Don’t Leave Home Without…
Your Bible. Just before his sermon, in one of Lakewood’s most moving moments, Osteen asks the entire congregation to lift up their Bibles and pray with him. Forgetting yours means either enduring the withering stare of an usher or plopping down a fistful of shekels in the church gift shop. (They also accept dollars and major credit cards. See Gift Shop.)

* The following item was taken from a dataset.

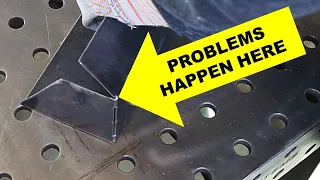 Sheet Metal Fabrication Hacks | Build Anything with Basic, Affordable Tools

An open mind. It’s easy to sneer at Joel and Victoria (his wife and co-pastor), whose theology is part Prosperity Gospel, part curious reworking of the Old Testament (“God wants you to go further than your parents”). Still, they only want what’s best for you (“Somebody needs what you have to give”), and their platitudes are never less than inventively drawn (“If God had a refrigerator, your picture would be on it”).
A meal. Once inside, the only food you’ll find is of a spiritual nature, unless you count the gift shop’s Tums-like Scripture Mints and what appear to be nonsectarian pecan chews (See Gift Shop). Alas, prosperity’s nearest dining room, Tony’s, is closed on Sundays. If the gleaming Universal Studios–size globe that spins at stage center gives you a taste for global fusion, there’s always the nearby Rustika Café and Bakery. Then again, Joel’s aw-shucks winsomeness may leave you with a hankerin’ for the malt shop. If so, head down to Prince’s Hamburgers. And if you’re more the Gospel according to Jimmy John’s type, you’re in luck. There’s a parish within walking distance.
Gay and Lesbian Travelers
Please see Lonely Planet Antarctica.